The Francis Howell North girls basketball coach Dawn Hahn has been prepping for a new season with “big conversations” and applying teaching skills to promote a culture shift.
For the past four years, the FHN girls basketball team has struggled with many scattered inconsistencies. Coach Hahn believes this was an issue due to the lack of work ethic, preparation, success and so on. Knowing she had to make a change, her goal is to promote a culture shift for the team.
“My main priority this season is to make sure that we have a culture that we can all be proud of and buy into, and support each other with,” Hahn said. “I think as soon as we establish that everything else will become more consistent for us.”
Hahn is taking advantage of new tools to teach the girls skills that will aid the way they think about certain situations. Two times a week they meet in Hahn’s classroom at FHN where they have their “big conversations.” These conversations consist of life skills such as how to treat people, how to deal with pressure, how to take criticism and more.
“Those are skills that – whether you’re playing sports or not – it’s gonna be something you need in your family, it’s gonna be something you need in your job, it’s gonna be things you need in education,” Hahn said. “Sports for me is just one vehicle that we teach those lessons.”
2018 tryouts were held late October and lasted three days.
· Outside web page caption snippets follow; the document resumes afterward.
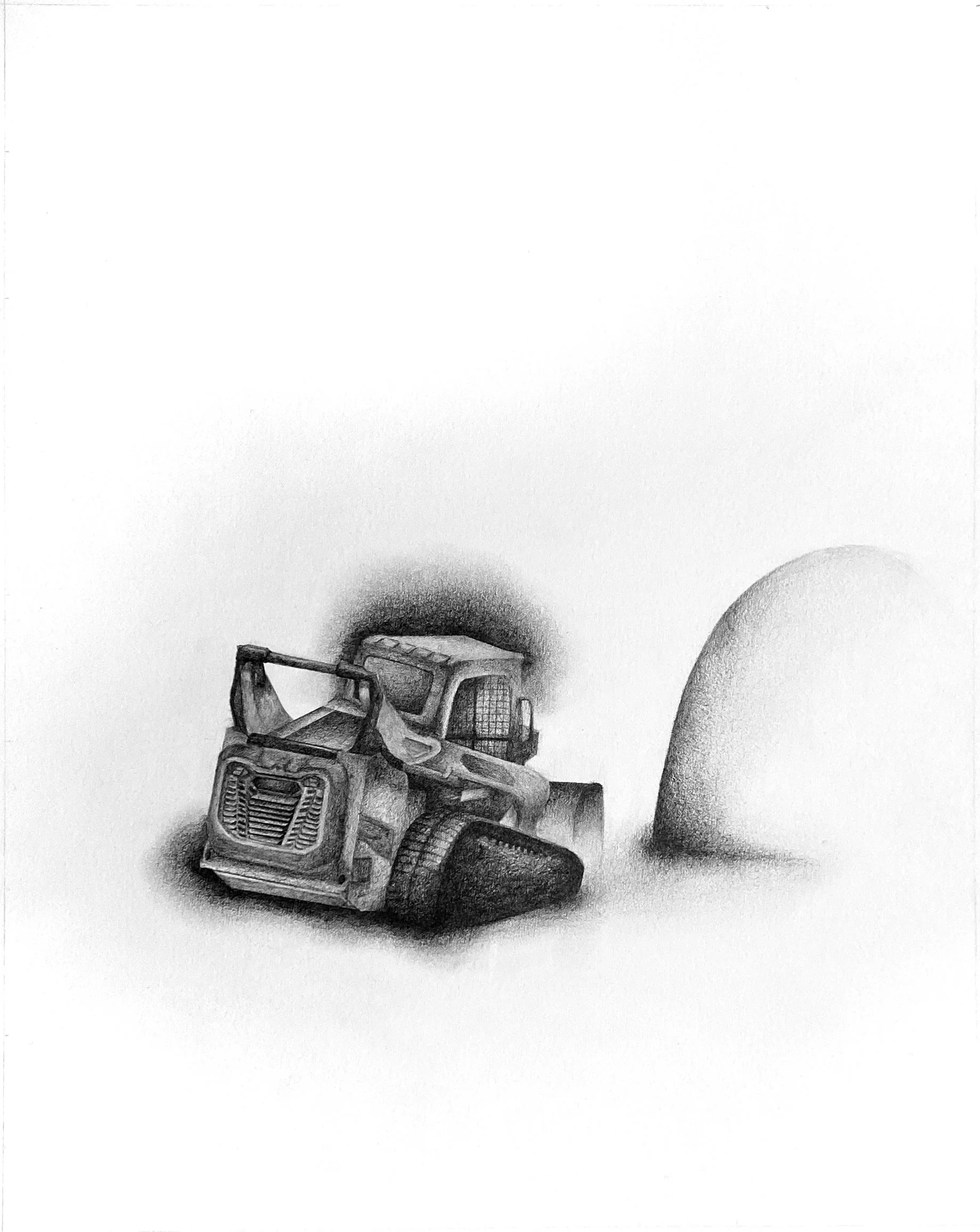 Erynn Richardson, Archive and Ghost (untitled 3), 2025, Graphite on paper, 30 x 22 in.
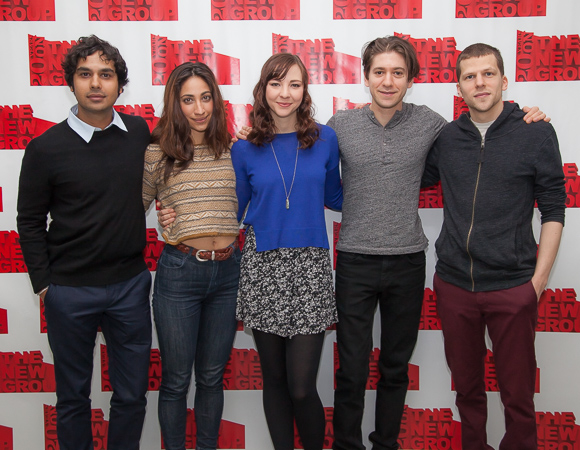 The cast of The Spoils includes Kunal Nayyar, Annapurna Sriram, Erin Darke, Michael Zegen, and Jesse Eisenberg.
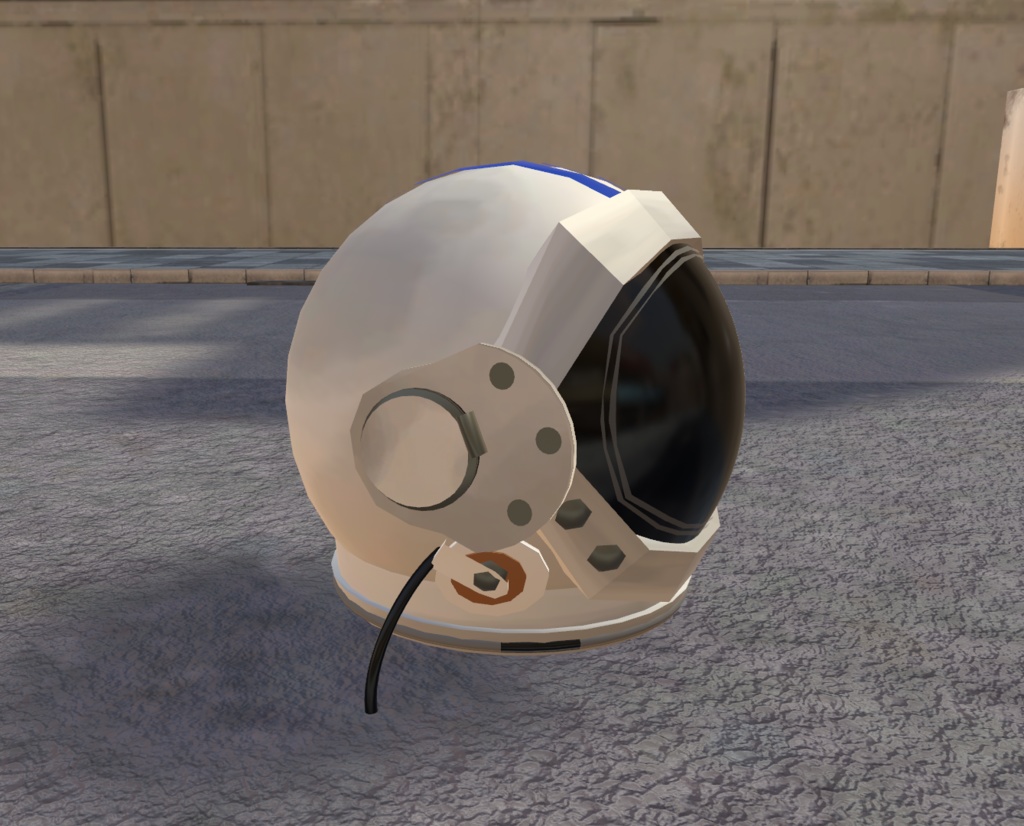宇宙飛行士のヘルメット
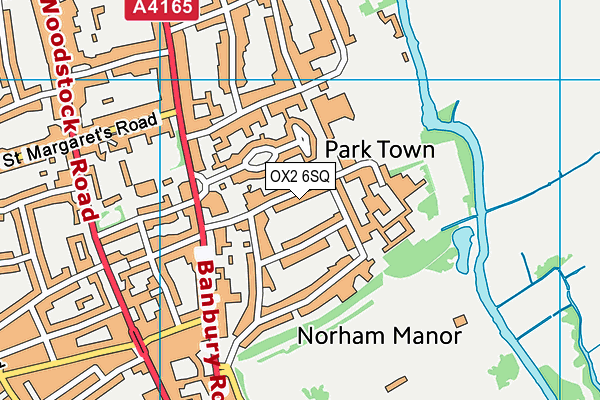 OX2 6SQ map - OS VectorMap District (Ordnance Survey)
The girls were tested on skill level and how they react under pressure. This helps Hahn know who was the most coachable because she can see who the girls really are. Before tryouts, the girls went through a series of preseason workouts.
“We met twice a week and those workouts consisted of individual skills and drills on the floor,” Hahn said. “We also lifted weights, we did some speed and agility training, and we also did some sprints out on the track that everybody was a huge fan of.”
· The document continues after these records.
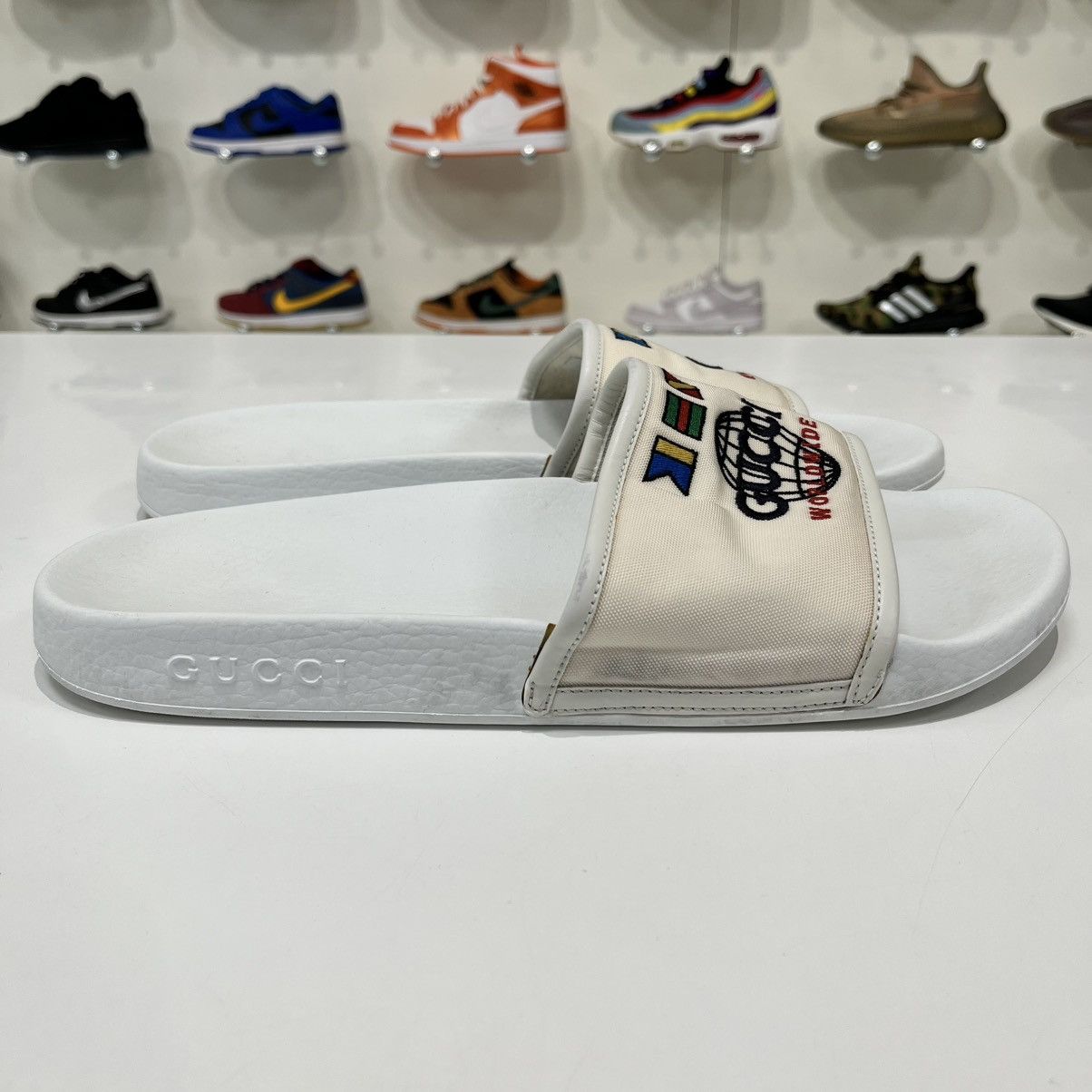 Gucci Gucci Slides White Size US 10 / EU 43 - 5 Thumbnail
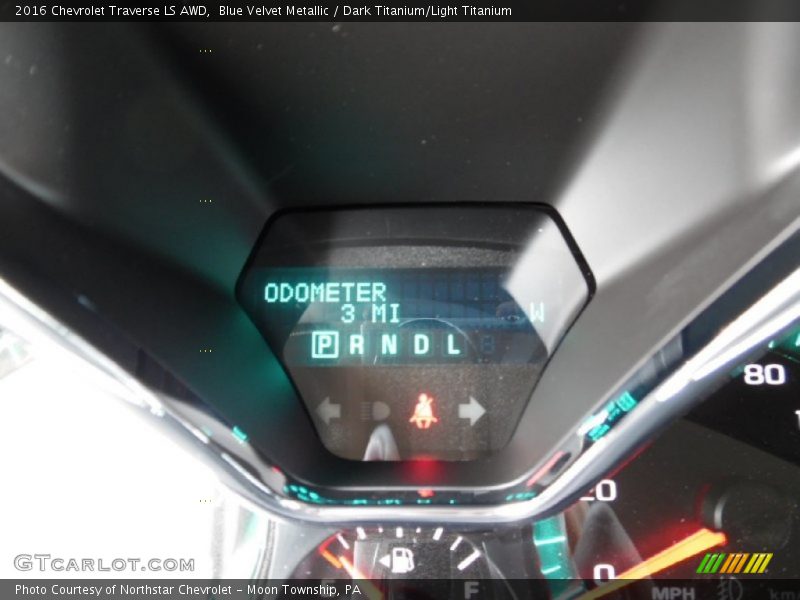 Blue Velvet Metallic / Dark Titanium/Light Titanium 2016 Chevrolet Traverse LS AWD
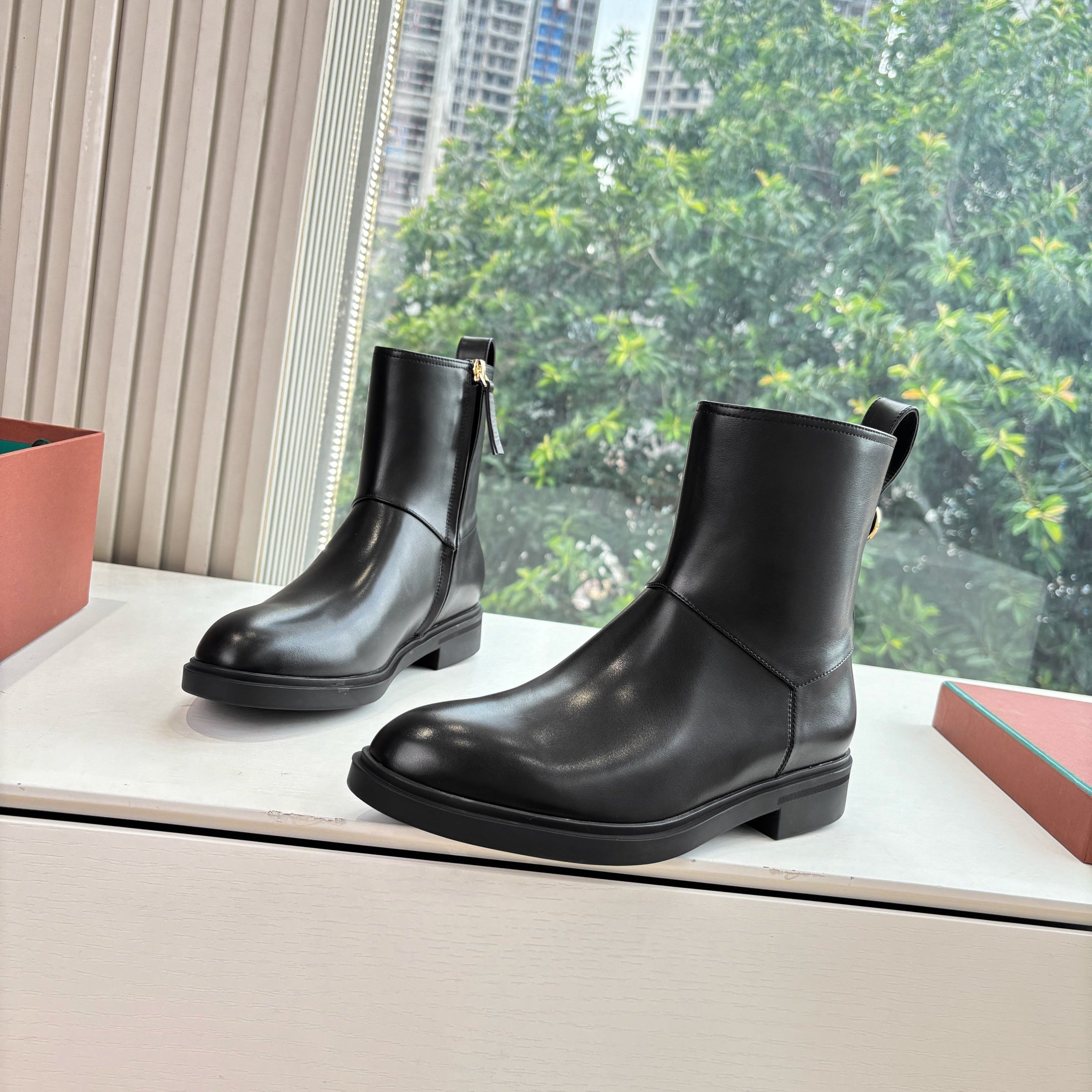 LP Kilda Ankle Boots Black Leather 507409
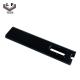 Black Anodizing Extruded Aluminum 6063-T5 machined pole for wall clock support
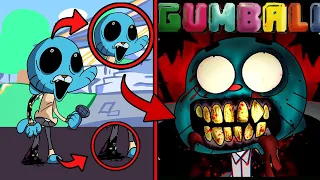 References in FNF vs Gumball The Amazing World | Come And Learn With Pibby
Hahn does her best to prepare her athletes for whatever happens on the floor and believes they have a good shot at an incredible season due to the incredible talent, attitude, and energy assembled.
“I am most looking forward to the group of girls who have been together for the years of inconsistency to realize what it’s going to take for us to pull together, especially for my seven seniors,” Hahn said. “I want to see them walk away from the program the last time knowing that they are leaving the program better than it was for them and that they’re leaving being better people because of it, and hopefully that translates to a whole bunch of wins along the way.”